Design docs

Design considerations

H. Schellman and E. Muldoon January 7 2025 - updated January 21, 2025, March 24, 2025

Description of issues for merging files

These are things we have learned from merging. We have a prototype merging package which https://github.com/DUNE/data-management-ops/utilities/merging. It has 3 parts, a data file merger, a metadata merged, and a batch submission script. The plan is to create a new github repo for the next iteration of the merging code.

The central requirement is that merged data have merged metadata that allows one to understand/reproduce the inputs and the merge step itself.

This document describes

  1.    motivation
    
  2.    Input formats
    
  3.    Input delivery methods
    
  4.    Merging methods
    
  5.    Requirements for merged metadata
    
  6.    Where this runs
    

Motivation

Dune data operates on multiple scales, from 1 MB to 10 PB. We need all of those data to be backed up to tape and catalogued which works optimally for files of size 1-10 GB. This requires the ability to merge files and merge their metadata. This document is about merging procedures for files below the size threshold for tape storage.

Inputs

We know of 4 different input formats:

  1.    HDF5
    
  2.    Art-root
    
  3.    Plain root
    
  4.    Generic files (sam4users replacement)
    

Each of these likely requires a different method to read them. We have successfully merged art-root using art, plain root using hadd and generic files using tar. HDF5 merge still needs to be developed. Utilities needed: data merging scripts that perform the merge of data and generate a checksum for the output.

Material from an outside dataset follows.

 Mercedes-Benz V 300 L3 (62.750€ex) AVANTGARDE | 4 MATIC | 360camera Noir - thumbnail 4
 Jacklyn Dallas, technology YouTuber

  1.    Root  → hadd or custom
    
  2.    Art-root → art
    
  3.    Hdf5 → ???
    
  4.    Generic files → tar/gzip
    
  5.    Utilities needed: List generation
    

At the list generation stage, we need methods that

  •     Can take a metacat query or list of input files
    
  •     check for duplicates in that list
    
  •     validate the metadata for those input files is ok
    
  •     Check that the metadata of the input files is consistent within requirements (see below)
    

Move from Jobsub to Justin for batch running

  • the first iteration both ran interactively from a gpvm and via a jobsub script

  • The suggestion is that future runs be done via justin and/or interactively

Justin questions 2025-03-24

  • needs to be able to take a list of file locations (if the inputs are not declated to metacat yet) or

  • needs to be able to run over a dataset at a particular site that has the data available and enough capacity to run IO intensive activities

  • need to be able to specify an output RSE for merge jobs - how do we do this?

how do we get Justin to run over chunks of files in a list.

  • possibly - submit a job for each chunk.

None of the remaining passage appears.